In the case of People v. Assessors of Brooklyn, 111 N.Y. 505,19 N.E. 90, 2 L.R.A. 148, the New York Court of Appeals had before it a case involving the same question as is here involved. In that case a lot situated wholly within the city of Brooklyn was owned by the city of New York and used by the latter as a landing for a ferry, which ferry was owned by the city of New York and operated by it between Brooklyn and New York City. The city of Brooklyn attempted to levy a tax on the lot. The court held that the lot was public property used by the public and subject to exemption by the Legislature of that state.

The plaintiff relies on the following cases in support of its contention: Mayor and Aldermen of City of Knoxville v. Park City,130 Tenn. 626, 172 S.W. 286, L.R.A. 1915D, 1103; Warwick County v. City of Newport News, 153 Va. 789, 151 S.E. 417; and Styles v. Newport, 76 Vt. 154, 56 A. 662. We have *353 carefully considered the above cases. It is sufficient to say that in Mayor and Aldermen of City of Knoxville v. Park City and Warwick County v.

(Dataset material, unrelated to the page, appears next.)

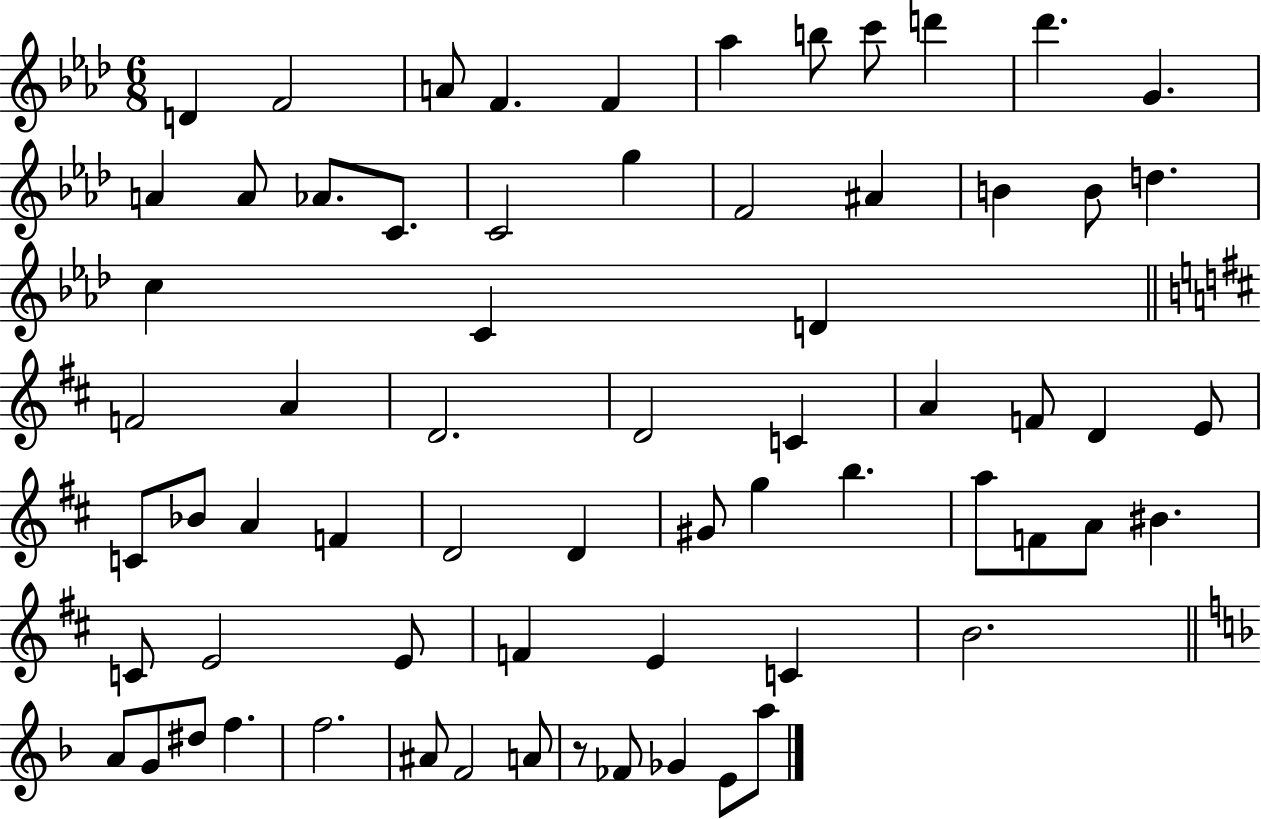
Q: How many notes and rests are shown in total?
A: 67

City of Newport News, the constitutional exemptions there involved authorized the exemption only in the event the property was used for municipal or corporate purposes, and it was held that in order to meet this test the property had to be used for the benefit of the inhabitants of the municipality claiming the exemption. The opinion in the case of Styles v. Newport appears to be grounded on the proposition that the city owning the property had no authority to extend its lines into the adjoining municipality, and therefore the operation of the property was beyond its corporate authority. Neither of these cases is applicable.

The judgment of the Court of Civil Appeals is affirmed.

Opinion delivered January 17, 1945.

Rehearing overruled February 14, 1945.